There’s not much I won’t talk about on the blog.
It’s my outlet, my therapy, my little world.
I feel comfortable sharing personal struggles and joys with you.
Even knowing that I can’t really know everyone who is reading this: I still feel okay “spilling it all.”
But when I found out that my son would be having a different teacher than the one we expected at school this year, I was very relieved that he would not be in the class of that teacher who blogs. Hypocritical blogger, much?

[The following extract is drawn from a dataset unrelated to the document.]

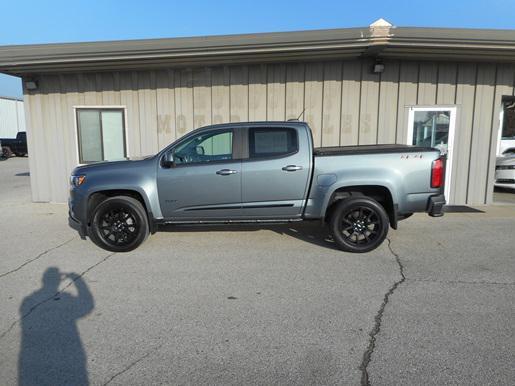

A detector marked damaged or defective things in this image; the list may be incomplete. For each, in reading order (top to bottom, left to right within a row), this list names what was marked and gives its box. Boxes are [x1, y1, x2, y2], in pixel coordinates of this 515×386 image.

cracked asphalt pavement [1, 158, 515, 386]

Nope, didn’t want him to have her.
Because what if she blogs about him?
I know I blog about him, but I’m his mom.
I love him.
But I know he’s not the easiest student out there.
And he could drive a teacher to blog about the frustration of dealing with him.

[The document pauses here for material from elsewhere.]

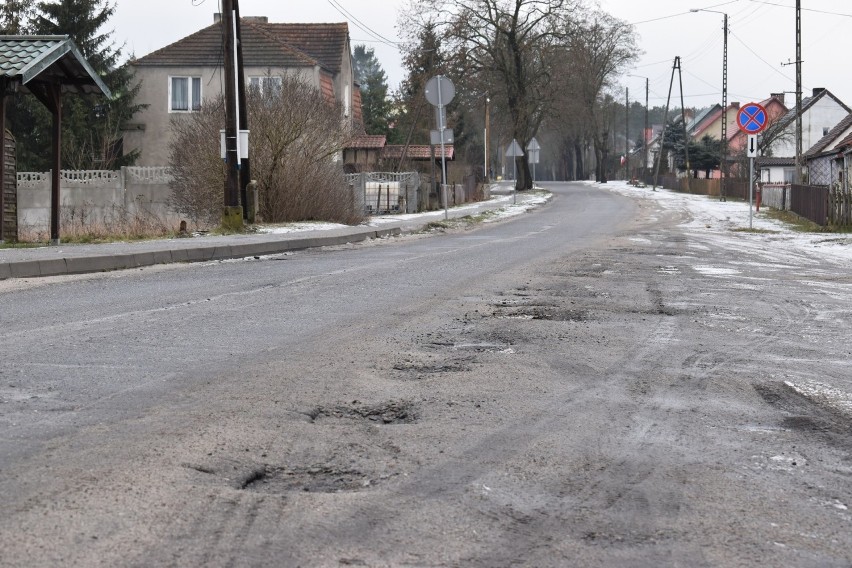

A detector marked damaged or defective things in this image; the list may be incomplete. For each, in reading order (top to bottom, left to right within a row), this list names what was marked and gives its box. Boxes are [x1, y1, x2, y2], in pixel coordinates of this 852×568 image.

cracked asphalt surface [1, 183, 852, 568]
pothole in road [312, 402, 422, 424]
pothole in road [240, 466, 372, 492]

Hell, I’ve blogged about some of my more frustrating days with him.
But somehow, it would be different, coming from someone else, someone who doesn’t really know him, someone who doesn’t love him.
This teacher doesn’t exactly advertise her blog to parents but it’s also not impossible to find. I happened upon it while doing a search for a specific blogging niche.
I could see myself being a blog stalker: did she write about him today? Is that vague mention of a really rough day because of my son?
Or maybe I’d have to snottily tell her “I read your blog” so she’d know not to mention him.
But then wouldn’t that take away her safe space to spill whatever she needs to spill? That’s not really fair.
And who knows? Maybe his current teacher has a blog, too, and I just don’t know about it. Perhaps I should go spend some quality google time looking…
For the record, I read a lot of blogs written by teachers. And I’ve never read any posts of theirs that made me think omg, they shouldn’t be blogging about other people’s kids like that! The majority are very professional when they talk about their students/jobs. No real reason to think this teacher is any different. Except that when it’s my own kids, rational thought tends to fly right out the window.